About this exercise
From the first line of the entries below through the line bearing "5PCS　カップ式オイルフィルターレンチセット", write out each line exactly. Omit pictures.

Dataset entries
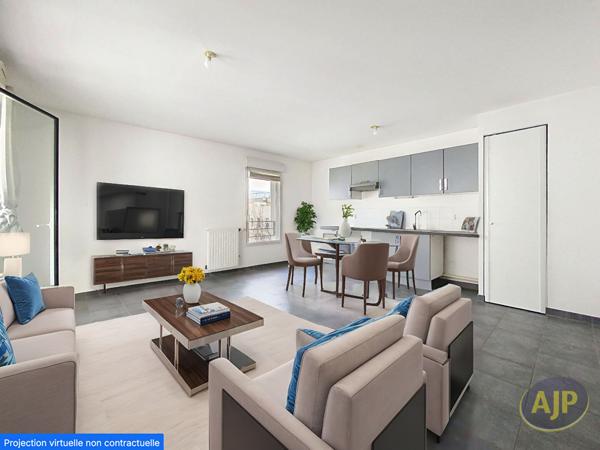 Vente appartement Bordeaux : 299 546 € - AJP Immobilier Bordeaux Chartrons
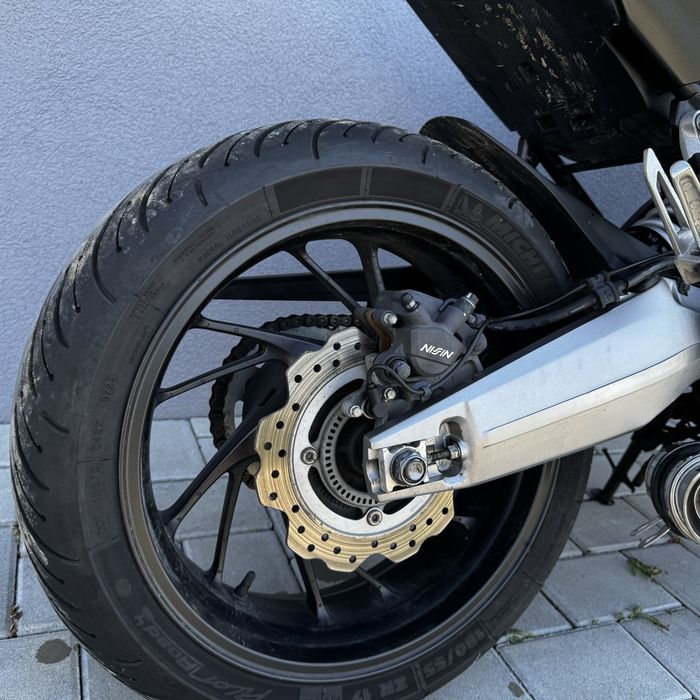 Honda cb650f A2 35kw naked (hornet,cb,cbr,z750)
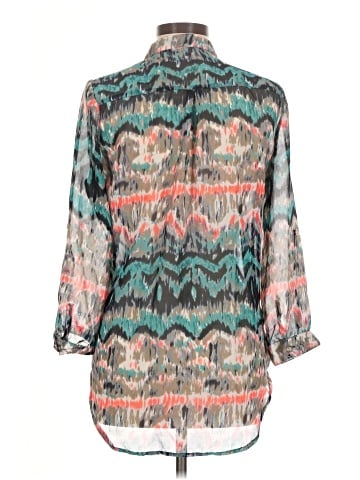 Dots 3/4 Sleeve Blouse (view 2)
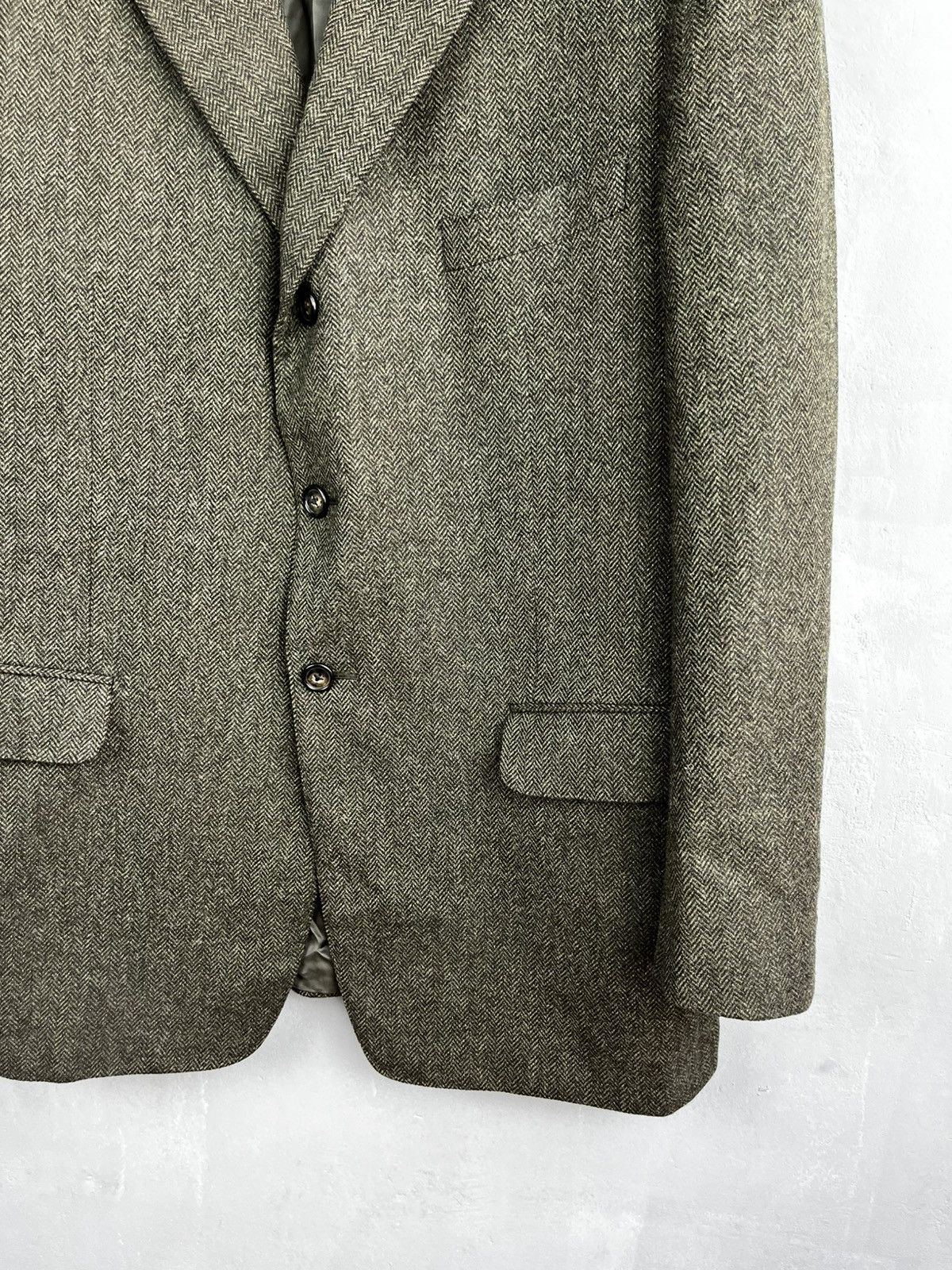 Corneliani Corneliani Italy blazer jacket Size 52R - 4 Thumbnail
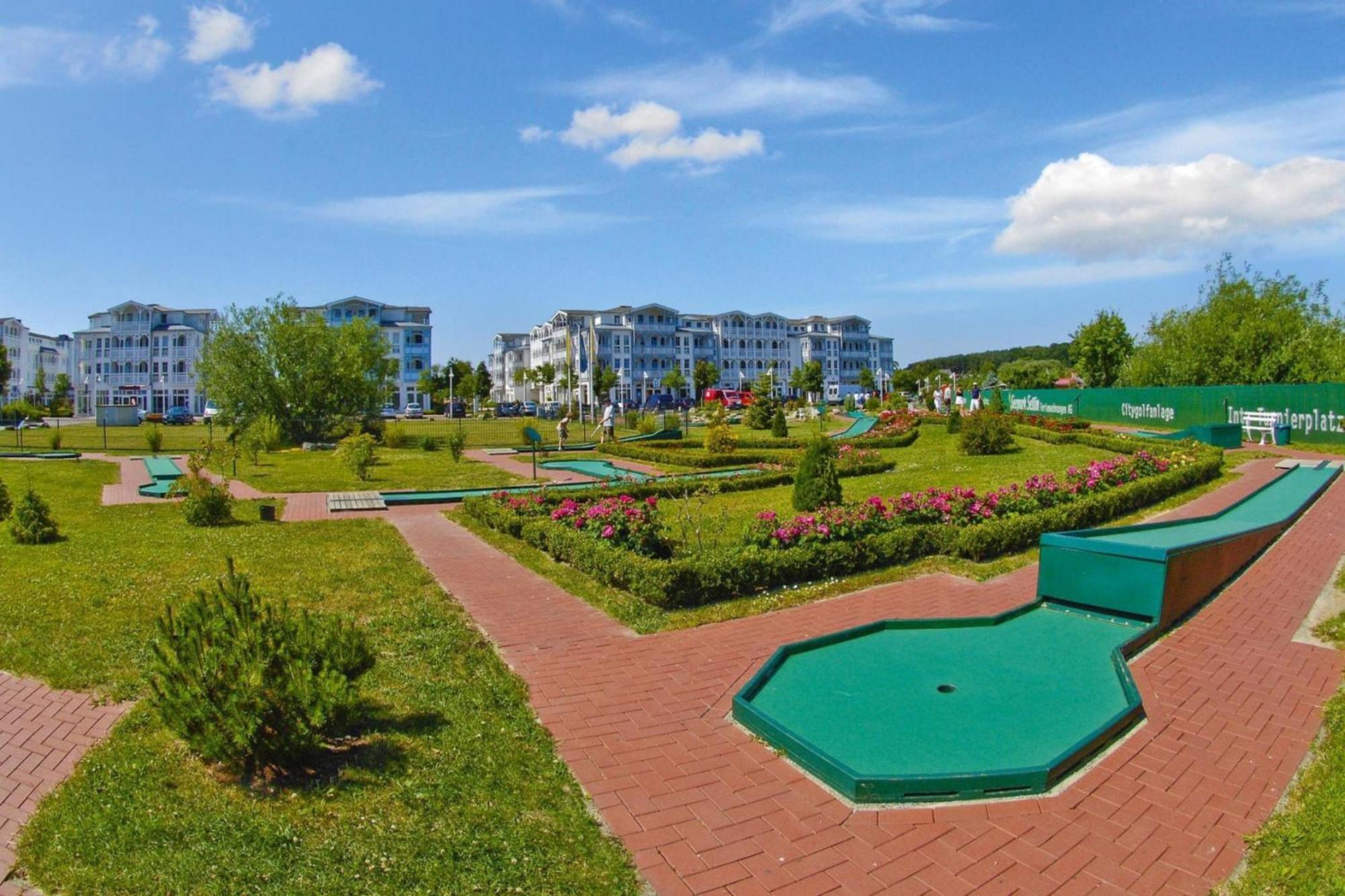 Park Ferienwohnungen, Apartment Sellin (Rugen)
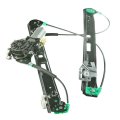 A-premium Power Window Regulator With Motor Compatible Bmw E46 323i 325i 325xi 328i 330i 330xi 1999-2005 Front And Rear 4-pc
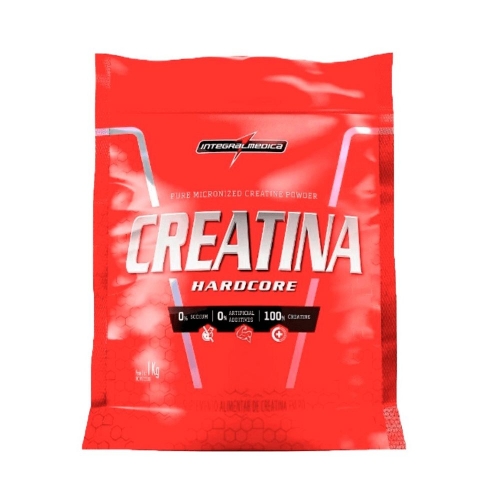 Creatina Hardcore Reload (1kg) - Integralmédica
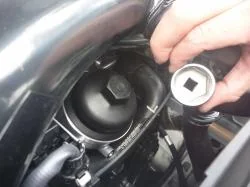 5PCS　カップ式オイルフィルターレンチセット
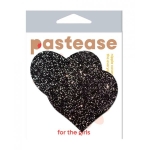 Pastease All Sparkle Heart - Black O/s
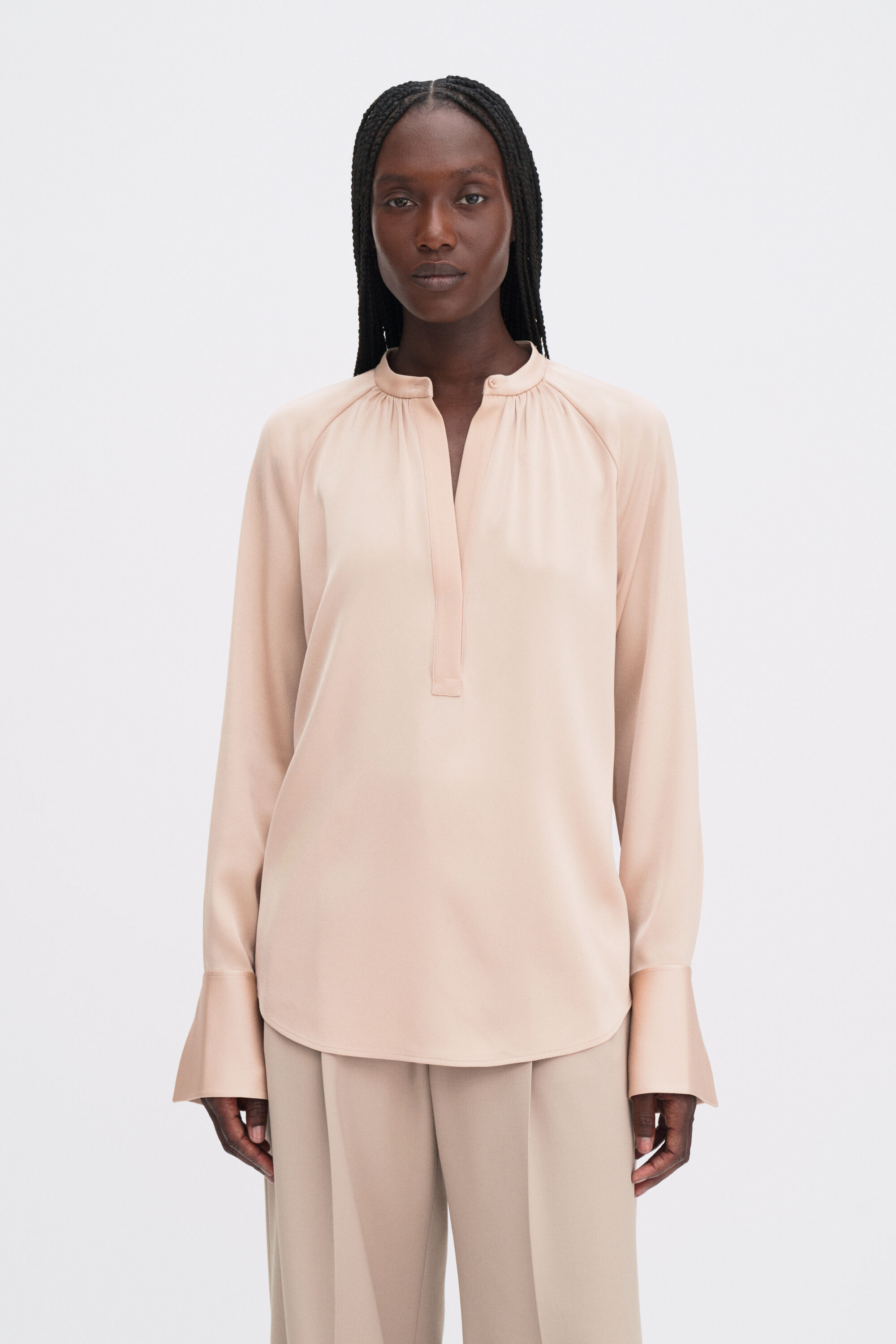 FILIPPA K    シアーブラウス Shirts & Blouses | Woman | FILIPPA K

Finished exercise
 Vente appartement Bordeaux : 299 546 € - AJP Immobilier Bordeaux Chartrons
 Honda cb650f A2 35kw naked (hornet,cb,cbr,z750)
 Dots 3/4 Sleeve Blouse (view 2)
 Corneliani Corneliani Italy blazer jacket Size 52R - 4 Thumbnail
 Park Ferienwohnungen, Apartment Sellin (Rugen)
 A-premium Power Window Regulator With Motor Compatible Bmw E46 323i 325i 325xi 328i 330i 330xi 1999-2005 Front And Rear 4-pc
 Creatina Hardcore Reload (1kg) - Integralmédica
 5PCS　カップ式オイルフィルターレンチセット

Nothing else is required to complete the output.